__TASK REQUIREMENTS__
Print the listing exactly as it stands, and skip any pictures in it.

__SUPPLIED DATA__
=== Section Start ===

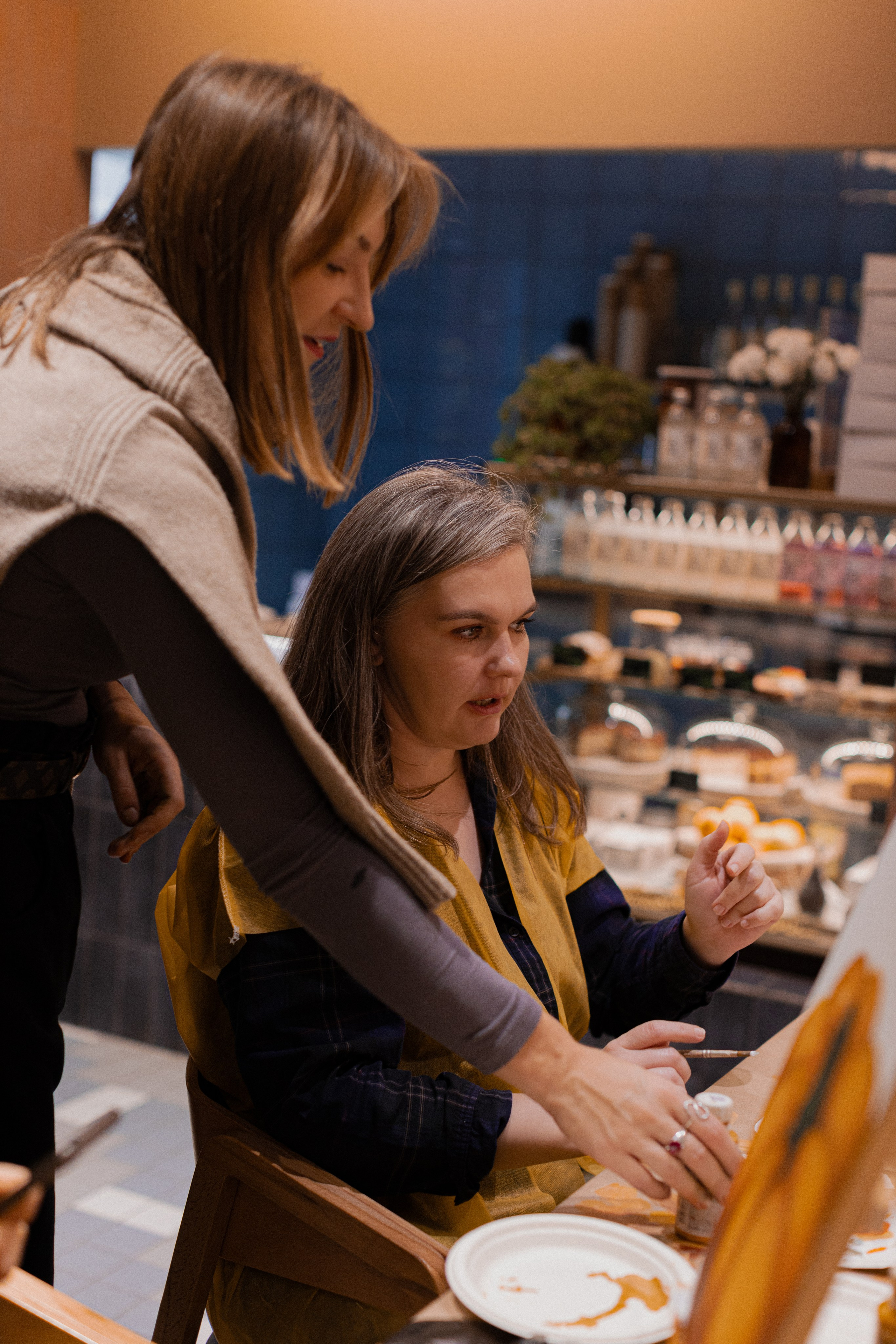 Мк Тыквы. Анастасия Ракчеева Художник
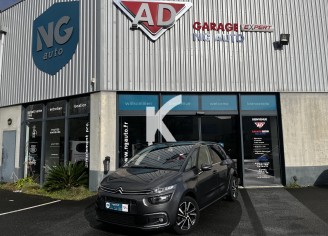 Photo du véhicule CITROEN C4 SPACETOURER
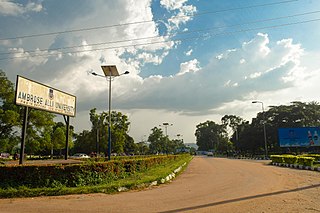 <span class="mw-page-title-main">Ambrose Alli University</span> University in Nigeria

=== Section End ===

__RESPONSE TO THIS EXERCISE__
 Мк Тыквы. Анастасия Ракчеева Художник
 Photo du véhicule CITROEN C4 SPACETOURER
 <span class="mw-page-title-main">Ambrose Alli University</span> University in Nigeria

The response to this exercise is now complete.